= 2016 Kyiv cyberattack =

Cyberattack on a power grid in Kiev, Ukraine

A cyberattack happened in the Ukrainian capital Kiev just before midnight on 17 December 2016, and lasted for just over an hour. The national electricity transmission operator Ukrenergo said that the attack had cut one fifth of the city's power consumption at that time of night.

==Attack==
The attack affected the 330 kilowatt electrical substation "North" at Pivnichna, outside the capital. It happened a year after a previous attack on Ukraine's power grid.

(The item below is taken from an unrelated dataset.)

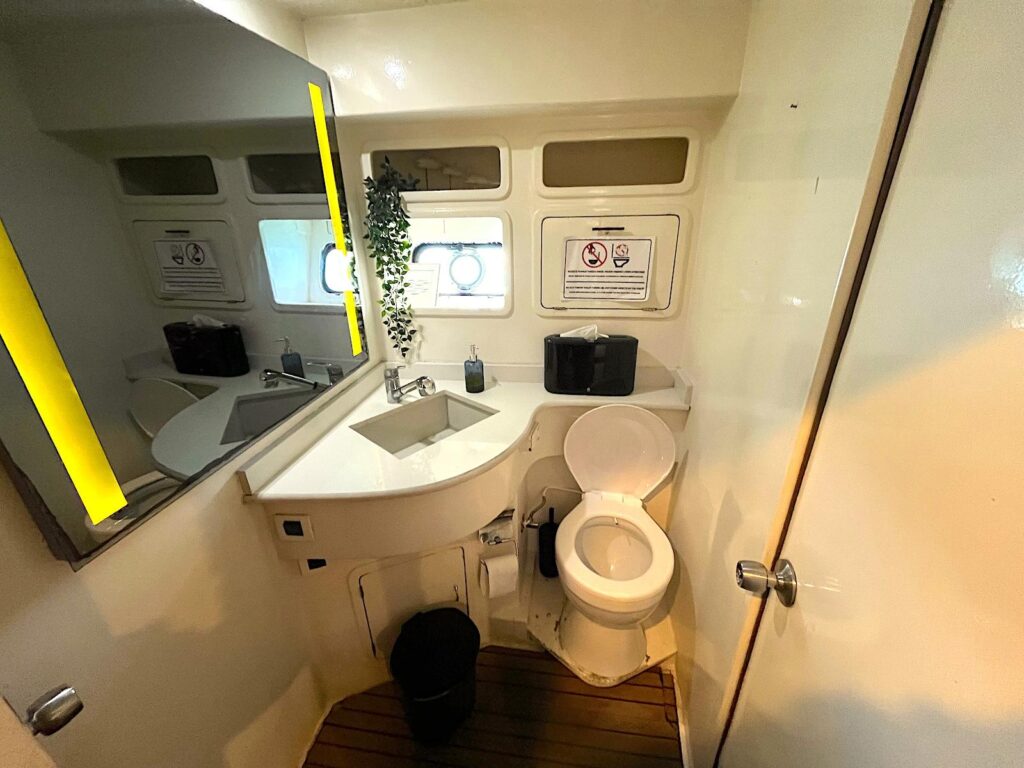 Bosphorus Yacht Tour - Bathroom on Yacht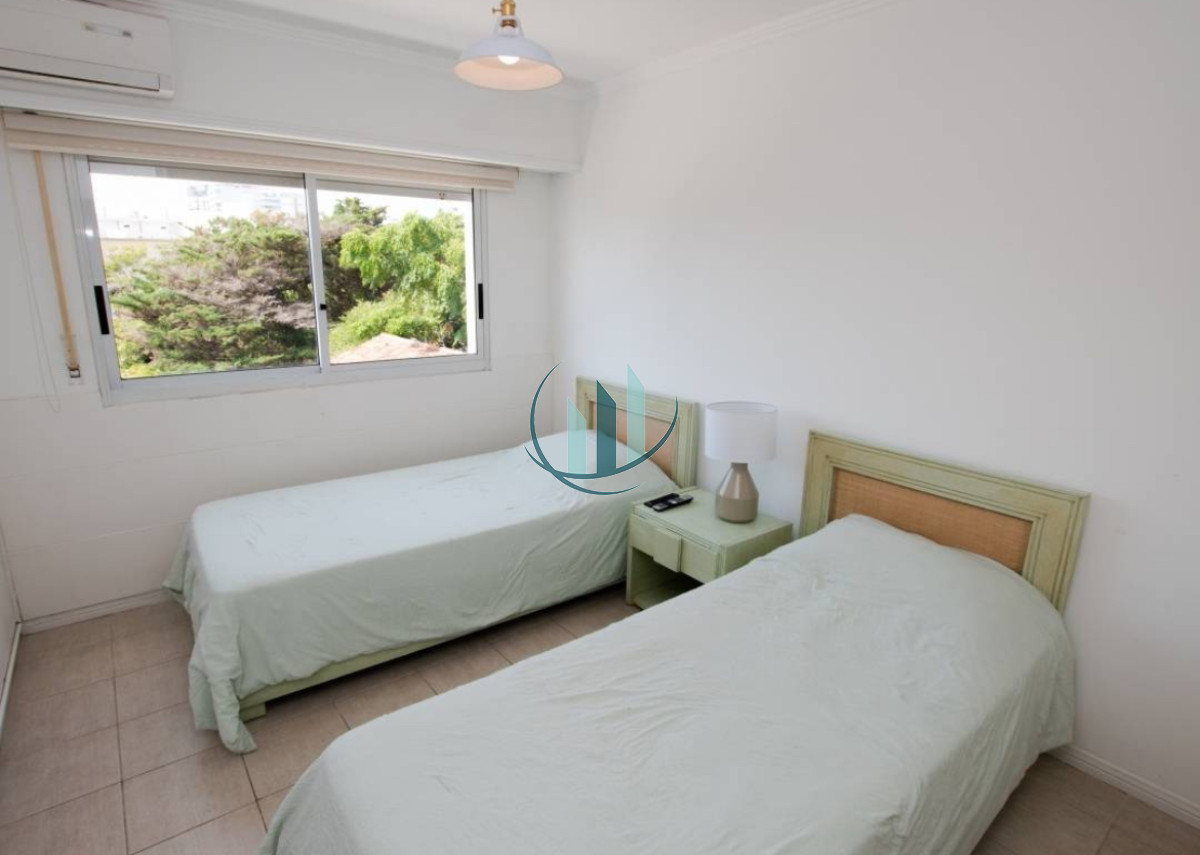 Apartamento ID.705 - Venta apartamento 3 dormitorios Puerto Punta del Este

Dragos Security concluded that the attack was not merely to cause short-term disruption but to cause long-lasting damage that could last weeks or months. The attackers had tried to cause physical damage to the station when the operators turned the grid back on. The attack used Industroyer malware and has the ability to attack hardware including SIPROTEC protective relays. These protective relays open circuit breakers if they detect dangerous conditions. A security flaw meant that a single packet could put the relays in a state where it would be useless unless manually rebooted. Siemens released a software patch in 2015 to fix the issue, but many relays weren't updated with it. Evidence from logs obtained by Dragos Security showed the attackers initially opened every circuit breaker in the transmission station, causing a power cut. Then an hour later they ran wiper malware to disable the station's computer, making it impossible to monitor the station. Finally, the attackers tried to disable four of the stations SIPROTEC protective relays, which could not be detected by operators. Dragos concluded that the attackers intended the operators to re-engergise the station equipment, which could have injured engineers and damaged equipment. The data packets intended for the protective relays were sent to the wrong IP address. The operators may also have brought the station back online faster than attackers expected.

=== Follow-on attack ===
In April 2022, Ukrainian authorities announced that they had prevented a cyberattack that used malware similar to Industroyer.